Voltando a Sarmento (2013), a autora explica que os requisitos rígidos aplicados a esse instrumento são necessários pelo poder da Usucapião como um modo originário de aquisição de domínio, visto que não há uma transmissão direta entre o proprietário anterior e aquele que agora obtém a propriedade.

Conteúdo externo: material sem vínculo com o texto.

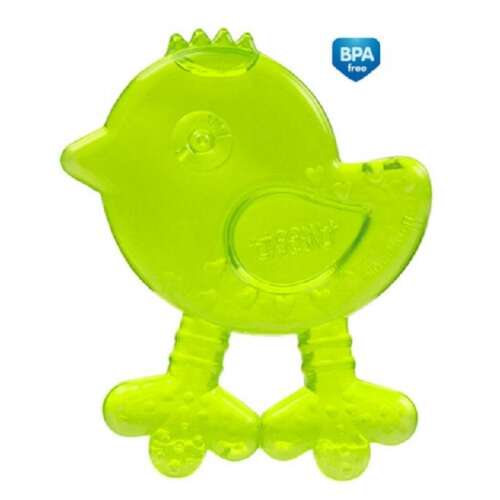 Canpol Babies Madárka Hűtőrágóka - Zöld, BPA Mentes - Rágóka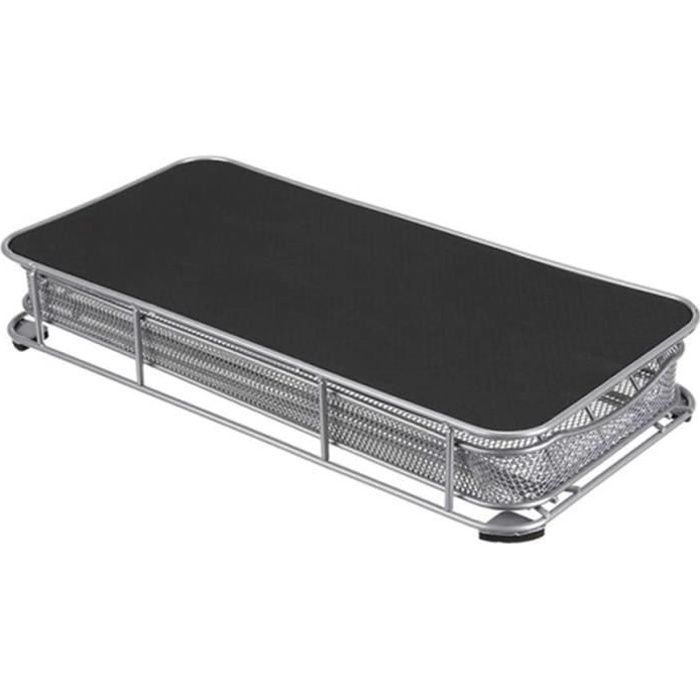 Organiseur Capsules De Café – Tiroir Métal Pour 40 Capsules, Dimensions 37,5x17,5x5,3 Cm, Design Compact Noir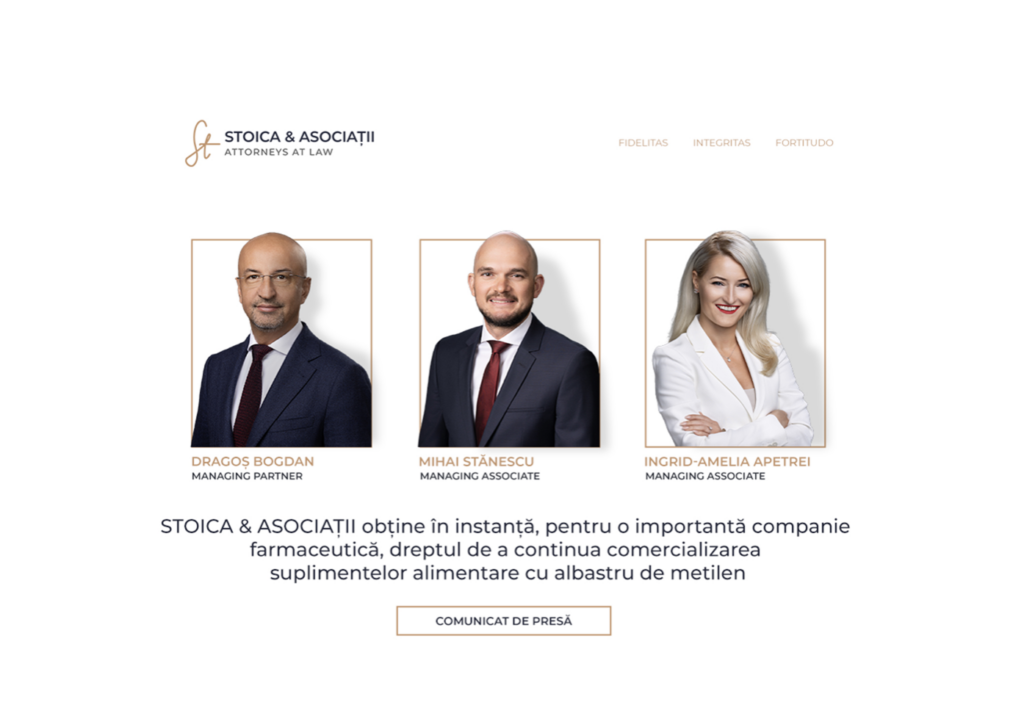 stoica-&-asociatii-obtine-in-instanta,-pentru-o-importanta-companie-farmaceutica,-dreptul-de-a-continua-comercializarea-suplimentelor-alimentare-cu-albastru-de-metilen-–-hotnews.ro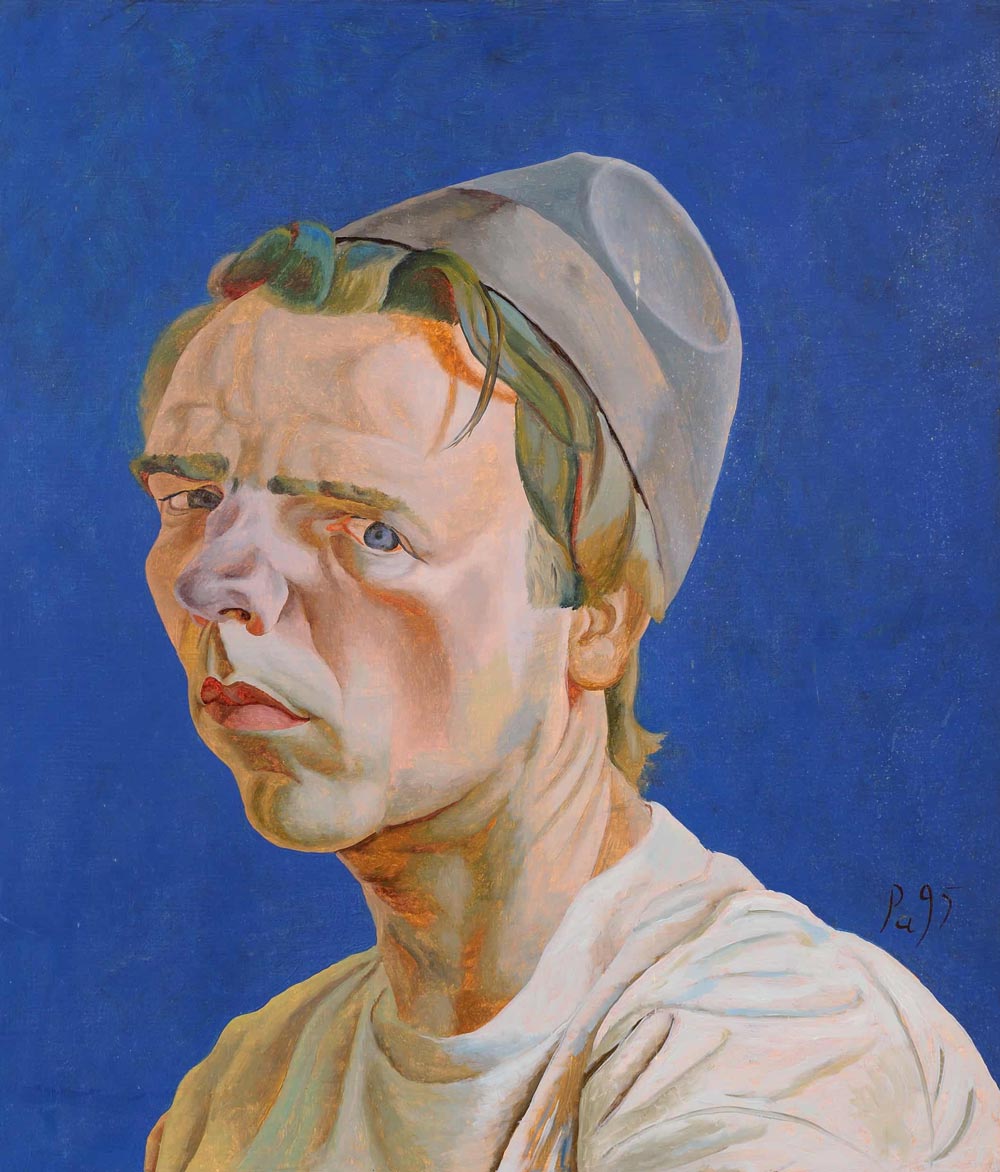 Philip Akkerman, Self Portrait, 1995. Oil on wood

Isso cria um cenário em que se torna essencial uma rigidez jurídica, visto que o ganho originário de uma propriedade pressupõe a perca dessa mesma propriedade por aquele que era proprietário, ainda que seja por sua conivência ou ausência de ação que permitiu que os requisitos necessários fossem alcançados. “que sofre a ação de usucapião, perda da propriedade, o que justifica a preocupação do legislador em criar requisitos rígidos para a aquisição por usucapião” (SARMENTO, 2013, p.52). Como há essa relação de origem e perda de posse, explica-se naturalmente a rigidez legislacional, a fim de evitar que ocorra distorções e prejuízos a terceiros.
2.1. Requisitos básicos
Os requisitos fundamentais da Usucapião são a Posse, o Espaço Temporal e a Coisa Hábil. Embora ocorra diferenças entre elas dependendo da situação, essas 3 características existem em todas as modalidades aceitas pela legislação nacional.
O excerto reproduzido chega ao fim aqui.